Denosumab (Prolia®, Xgeva®) is a fully human monoclonal antibody against the receptor activator of nuclear factor kappa-B ligand (RANKL), a protein that is essential for the formation, function, and survival of osteoclasts. Denosumab (Prolia, Xgeva) prevents RANKL from activating its receptor, receptor activator of nuclear factor κ B (RANK), on the surface of the osteoclasts and their precursors. Prevention of the RANKL/RANK interaction inhibits osteoclast formation, function and survival, thereby decreasing bone resorption and increasing bone mass and strength in both cortical and trabecular bone.

Denosumab (Prolia)

Denosumab (Prolia) may be considered medically necessary for ANY of the following indications:

• As treatment to increase bone mass in men receiving androgen deprivation therapy (ADT) for non-metastatic prostate cancer at high risk for fracture as defined by EITHER of the following:
  • Individual has T-score less than -1 in combination with multiple risk factors for fracture; or
  • Previous history of osteoporotic fracture; or
• As treatment to increase bone mass in women receiving adjuvant aromatase therapy for breast cancer at high risk for fracture as defined by EITHER of the following:
  • Individual has T-score less than -1 in combination with multiple risk factors for fracture; or
  • Previous history of osteoporotic fracture; or
• As treatment for postmenopausal women and to increase bone mass in men with osteoporosis who have a T-score of -2.5 or less and EITHER of the following:
  • The individual has had an adequate trial and failure of at least one bisphosphonate:
    • Trial and failure defined as a decrease in bone mineral density (BMD) despite trial of bisphosphonate therapy (e.g., alendronate, ibandronate, risedronate, zoledronic acid); or
  • The individual has a contraindication to all bisphosphonates:
    • Contraindications to bisphosphonate therapy include but are not limited to hypocalcemia, esophageal ulcerations, esophageal stricture, Barrett's esophagus, active ulcers, renal impairment, and an inability to stand or sit upright for 30 minutes; or
• As treatment to prevent fractures in men and postmenopausal women with T-score between -1 and -2.5, or as treatment of glucocorticoid-induced osteoporosis in men and women with the following:
  • The individual is at high risk for an osteoporotic fracture as substantiated by EITHER of the following:
    • The individual has a history of previous osteoporotic fracture; or
    • The individual has a 10-year risk of a major osteoporotic fracture greater than or equal to 20%; or
    • The individual has a 10-year risk of hip fracture greater than or equal to 3%; and
  • The individual has had an adequate trial and failure of at least one bisphosphonate:
    • Trial and failure defined as a decrease in BMD despite trial of bisphosphonate therapy (e.g., alendronate, ibandronate, risedronate, zoledronic acid); or
  • The individual has a contraindication to all bisphosphonates:
    • Contraindications to bisphosphonate therapy include but are not limited to hypocalcemia, esophageal ulcerations, esophageal stricture, Barrett's esophagus, active ulcers, renal impairment, and an inability to stand or sit upright for 30 minutes.

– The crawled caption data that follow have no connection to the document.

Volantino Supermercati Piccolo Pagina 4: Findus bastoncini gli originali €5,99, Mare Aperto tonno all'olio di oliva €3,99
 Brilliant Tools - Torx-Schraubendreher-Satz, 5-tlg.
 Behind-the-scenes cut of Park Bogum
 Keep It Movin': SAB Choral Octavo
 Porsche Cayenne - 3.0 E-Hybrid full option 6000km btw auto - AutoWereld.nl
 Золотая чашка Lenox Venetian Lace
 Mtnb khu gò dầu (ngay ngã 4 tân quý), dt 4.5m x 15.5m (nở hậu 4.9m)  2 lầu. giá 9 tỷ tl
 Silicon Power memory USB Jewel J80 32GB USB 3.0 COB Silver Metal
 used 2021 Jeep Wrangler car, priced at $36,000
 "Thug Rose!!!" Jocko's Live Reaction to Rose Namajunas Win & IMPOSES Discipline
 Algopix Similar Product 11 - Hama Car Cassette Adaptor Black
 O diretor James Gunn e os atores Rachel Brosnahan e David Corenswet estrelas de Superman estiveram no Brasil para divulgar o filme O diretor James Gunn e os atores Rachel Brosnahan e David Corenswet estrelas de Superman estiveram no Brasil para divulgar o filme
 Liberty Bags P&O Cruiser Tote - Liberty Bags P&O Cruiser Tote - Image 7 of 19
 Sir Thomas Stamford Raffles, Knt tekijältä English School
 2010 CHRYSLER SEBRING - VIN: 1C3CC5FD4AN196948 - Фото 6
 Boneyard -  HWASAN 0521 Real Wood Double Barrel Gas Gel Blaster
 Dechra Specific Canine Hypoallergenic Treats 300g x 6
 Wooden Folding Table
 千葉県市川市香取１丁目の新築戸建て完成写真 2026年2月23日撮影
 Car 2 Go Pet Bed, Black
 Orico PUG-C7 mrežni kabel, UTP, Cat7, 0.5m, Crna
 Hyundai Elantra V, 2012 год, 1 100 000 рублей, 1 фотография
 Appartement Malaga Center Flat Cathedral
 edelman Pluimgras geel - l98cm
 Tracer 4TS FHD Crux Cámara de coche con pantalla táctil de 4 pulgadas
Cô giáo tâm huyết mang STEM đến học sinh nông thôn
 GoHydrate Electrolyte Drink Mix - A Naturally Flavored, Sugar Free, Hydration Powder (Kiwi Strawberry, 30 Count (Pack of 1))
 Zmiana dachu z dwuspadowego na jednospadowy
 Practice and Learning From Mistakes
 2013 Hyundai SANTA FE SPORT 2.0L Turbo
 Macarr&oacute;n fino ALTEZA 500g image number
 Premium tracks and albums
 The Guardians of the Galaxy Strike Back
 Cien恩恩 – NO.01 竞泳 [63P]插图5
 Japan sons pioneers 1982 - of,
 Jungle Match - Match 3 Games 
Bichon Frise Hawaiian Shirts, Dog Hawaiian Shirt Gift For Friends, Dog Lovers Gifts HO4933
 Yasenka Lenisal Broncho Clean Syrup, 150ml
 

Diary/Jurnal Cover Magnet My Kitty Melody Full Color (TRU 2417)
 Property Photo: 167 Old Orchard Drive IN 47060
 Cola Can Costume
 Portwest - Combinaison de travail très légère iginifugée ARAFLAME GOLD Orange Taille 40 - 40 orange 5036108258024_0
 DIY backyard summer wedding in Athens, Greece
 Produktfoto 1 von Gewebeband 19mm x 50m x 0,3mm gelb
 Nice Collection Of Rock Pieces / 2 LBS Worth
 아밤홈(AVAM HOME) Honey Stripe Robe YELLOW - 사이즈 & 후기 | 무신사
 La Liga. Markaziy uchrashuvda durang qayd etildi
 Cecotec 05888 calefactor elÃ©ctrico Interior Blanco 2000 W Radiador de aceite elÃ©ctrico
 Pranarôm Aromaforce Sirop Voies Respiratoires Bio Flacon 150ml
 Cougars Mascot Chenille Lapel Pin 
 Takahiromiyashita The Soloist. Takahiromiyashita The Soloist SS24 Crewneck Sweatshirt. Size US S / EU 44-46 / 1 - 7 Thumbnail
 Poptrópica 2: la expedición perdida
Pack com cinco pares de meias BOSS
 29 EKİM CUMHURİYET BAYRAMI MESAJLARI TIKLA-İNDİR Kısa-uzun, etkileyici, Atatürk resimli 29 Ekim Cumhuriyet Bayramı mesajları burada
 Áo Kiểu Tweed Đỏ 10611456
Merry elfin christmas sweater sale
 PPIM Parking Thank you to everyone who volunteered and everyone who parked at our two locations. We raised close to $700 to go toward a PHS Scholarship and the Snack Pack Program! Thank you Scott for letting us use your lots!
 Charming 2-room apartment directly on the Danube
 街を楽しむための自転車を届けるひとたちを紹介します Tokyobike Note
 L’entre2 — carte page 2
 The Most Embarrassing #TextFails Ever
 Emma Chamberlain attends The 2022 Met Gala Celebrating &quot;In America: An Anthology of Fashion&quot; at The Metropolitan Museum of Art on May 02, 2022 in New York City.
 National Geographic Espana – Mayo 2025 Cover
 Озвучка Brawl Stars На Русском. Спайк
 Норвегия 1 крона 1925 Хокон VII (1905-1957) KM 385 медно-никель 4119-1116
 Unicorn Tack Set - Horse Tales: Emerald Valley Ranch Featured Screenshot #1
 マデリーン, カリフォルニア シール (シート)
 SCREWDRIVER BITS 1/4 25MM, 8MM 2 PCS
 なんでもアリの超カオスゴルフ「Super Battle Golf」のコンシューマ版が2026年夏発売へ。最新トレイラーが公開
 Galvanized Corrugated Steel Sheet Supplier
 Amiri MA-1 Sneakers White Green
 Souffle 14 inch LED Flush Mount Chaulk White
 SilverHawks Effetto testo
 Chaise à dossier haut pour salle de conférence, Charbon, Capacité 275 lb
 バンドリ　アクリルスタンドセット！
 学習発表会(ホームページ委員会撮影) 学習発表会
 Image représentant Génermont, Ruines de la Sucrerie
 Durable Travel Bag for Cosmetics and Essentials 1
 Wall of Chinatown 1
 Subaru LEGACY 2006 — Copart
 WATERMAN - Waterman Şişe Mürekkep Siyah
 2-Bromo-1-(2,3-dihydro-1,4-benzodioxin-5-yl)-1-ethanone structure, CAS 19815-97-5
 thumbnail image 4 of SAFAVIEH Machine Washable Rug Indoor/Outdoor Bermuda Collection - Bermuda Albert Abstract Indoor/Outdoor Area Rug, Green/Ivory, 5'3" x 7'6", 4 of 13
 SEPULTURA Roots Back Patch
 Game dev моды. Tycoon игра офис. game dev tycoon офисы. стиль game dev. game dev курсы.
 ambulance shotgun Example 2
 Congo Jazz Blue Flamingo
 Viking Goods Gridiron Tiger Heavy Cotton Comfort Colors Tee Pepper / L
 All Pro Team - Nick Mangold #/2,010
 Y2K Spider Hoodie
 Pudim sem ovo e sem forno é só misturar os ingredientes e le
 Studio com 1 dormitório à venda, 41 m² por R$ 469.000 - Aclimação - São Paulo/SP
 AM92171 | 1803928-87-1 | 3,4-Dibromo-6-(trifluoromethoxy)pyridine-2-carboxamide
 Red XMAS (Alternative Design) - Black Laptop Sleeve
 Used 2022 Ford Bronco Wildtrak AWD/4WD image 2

Denosumab (Prolia) is considered experimental/investigational when all of the criteria specified above are not met, or for the treatment of all other indications, and therefore non-covered. There is a lack of evidence based literature to confirm the efficacy and safety for any other indication.

Denosumab (Xgeva)

Food and Drug Administration (FDA) Indications

Denosumab (Xgeva) may be considered medically necessary for ANY of the following indications:

• As treatment for prevention of skeletal-related events in individuals:
  •  With EITHER:
    • Multiple myeloma; or
    • Bone metastases from solid tumors; and
  • Prior treatment with an IV bisphosphonate (e.g. pamidronate or zoledronic acid) has been ineffective, contraindicated, or not tolerated;  or
• For the treatment of giant cell tumor of the bone (GCTB) that is unresectable or where surgical resection is likely to result in severe morbidity in both individuals 18 years of age and older and skeletally mature adolescents (e.g., at least one (1) mature long bone); or
• As treatment of hypercalcemia of malignancy (HCM) refractory to intravenous bisphosphonate therapy when the following criteria are met:
  • Prior treatment with an IV bisphosphonate (e.g. pamidronate or zoledronic acid) has been ineffective, contraindicated, or not tolerated.

National Comprehensive Cancer Network (NCCN) Indications

Denosumab (Xgeva) may be considered medically necessary for ANY of the following indications:

• For the prevention of skeletal-related events in men with castration resistant prostate cancer who have documented bone metastases and creatinine clearance greater than 30 mL/min; or
• For the prevention or treatment of osteoporosis during ADT for individuals with prostate cancer who have a high fracture risk; or
• For use as second-line therapy for osteopenia or osteoporosis in individuals with systemic mastocytosis with bone pain not responding to bisphosphonates, or for individuals who are not candidates for bisphosphonates due to renal insufficiency; or
• As treatment for bone metastases of papillary carcinoma, follicular carcinoma, Hürthle cell carcinoma, or medullary carcinoma of the thyroid; or
• As palliative care for bone metastases for anaplastic carcinoma of the thyroid; or
• As supportive therapy in individuals with bone metastases for non-small cell lung cancer; or
• As a component of best supportive care for bony metastases for kidney cancer; or
• For treatment of GCTB when therapy is used as a:
  • Single agent or combined with interferon alfa or radiation therapy for localized disease; or
  • Single agent for metastatic disease; or
• As treatment to maintain or improve BMD, and reduce the risk of fractures in natural or induced postmenopausal women receiving adjuvant endocrine therapy for invasive breast cancer along with calcium and vitamin D supplementation; or
• As treatment in combination with calcium and vitamin D supplementation in addition to chemotherapy or endocrine therapy for bone metastasis in individuals with invasive breast cancer with expected survival of 3 months or greater and adequate renal function;
• For the treatment of multiple myeloma when used in combination with primary myeloma therapy.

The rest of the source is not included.